Is it possible to “get another bite at the apple?” 

Or, to phrase the question in a more “legalistic” way, and in terms of Australian migration law, is a visa applicant whose first skills assessment has been rejected on the grounds that it was based on false material or a bogus document, entitled to an adjournment from the AAT so that she/he can get a second skills assessment done? 

Suppose the AAT refuses to allow an adjournment? 

If it does refuse the adjournment, has it acted so unreasonably that it is guilty of “jurisdictional error” so that its decision must be overturned by the Federal courts? 

These questions were at the heart of an interesting and important decision that was handed down by Judge Siopsis of the Federal Court earlier this week: Minister for Immigration and Border Protection v Sandhu FCA 130 (22 February 2016). 

The background facts of the case were as follows: 

The applicant sought a “skilled graduate”, subclass 485, visa.  In her visa application, she relied on a positive skills assessment from the Trades Recognition Authority which accepted that she had the skills required for a “cook”. 

However, after the application had been submitted, the Department received advice from the TRA that the positive skills assessment had been revoked due to the fact that a work reference which had been submitted to the TRA by the applicant’s migration agent had been fraudulent. 

Upon receipt of the advice from the TRA that the skills assessment had been premised on a fraudulent work reference, the Department proceeded to refuse the application for the 485 visa on the basis that the applicant had failed to comply with Public Interest Criterion 4020. 

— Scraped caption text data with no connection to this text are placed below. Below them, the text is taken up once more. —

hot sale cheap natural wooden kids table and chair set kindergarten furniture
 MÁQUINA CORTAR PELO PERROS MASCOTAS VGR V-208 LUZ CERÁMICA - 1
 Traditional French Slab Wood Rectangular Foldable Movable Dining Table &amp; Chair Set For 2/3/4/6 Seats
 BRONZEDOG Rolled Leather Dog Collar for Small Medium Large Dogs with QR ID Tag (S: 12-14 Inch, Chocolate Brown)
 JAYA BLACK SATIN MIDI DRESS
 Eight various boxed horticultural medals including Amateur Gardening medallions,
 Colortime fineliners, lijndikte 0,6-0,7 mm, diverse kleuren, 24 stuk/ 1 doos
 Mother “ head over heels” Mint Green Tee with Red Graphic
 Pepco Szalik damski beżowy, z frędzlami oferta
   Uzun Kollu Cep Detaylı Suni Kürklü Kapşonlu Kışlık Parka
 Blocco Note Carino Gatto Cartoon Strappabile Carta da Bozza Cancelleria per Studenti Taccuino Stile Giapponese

The applicant then appealed against the refusal of her visa application to the AAT. 

Following her hearing before the AAT, the applicant wrote to the Tribunal and informed it that she had re-applied for a skills assessment.  She asked the Tribunal to defer making a decision for a period of 4 weeks, so that she could provide the new skills assessment. 

The Tribunal refused to grant the applicant the adjournment she had requested.  It took the view that because the applicant had contravened PIC 4020, and her application had been refused for that reason, a new, positive skills assessment would not affect the outcome of her case. 

Interestingly, the applicant was successful in getting the Tribunal’s decision overturned at the Federal Circuit Court level.  At that stage of “judicial review”, the Court found that the Tribunal had acted unreasonably by not allowing the applicant an opportunity to develop evidence (in the form of a second skills assessment) which she could conceivably have relied upon to support her submissions that PIC 4020 should be waived.

However, Judge Siopis took an entirely different view of the matter than had the Federal Circuit Court. 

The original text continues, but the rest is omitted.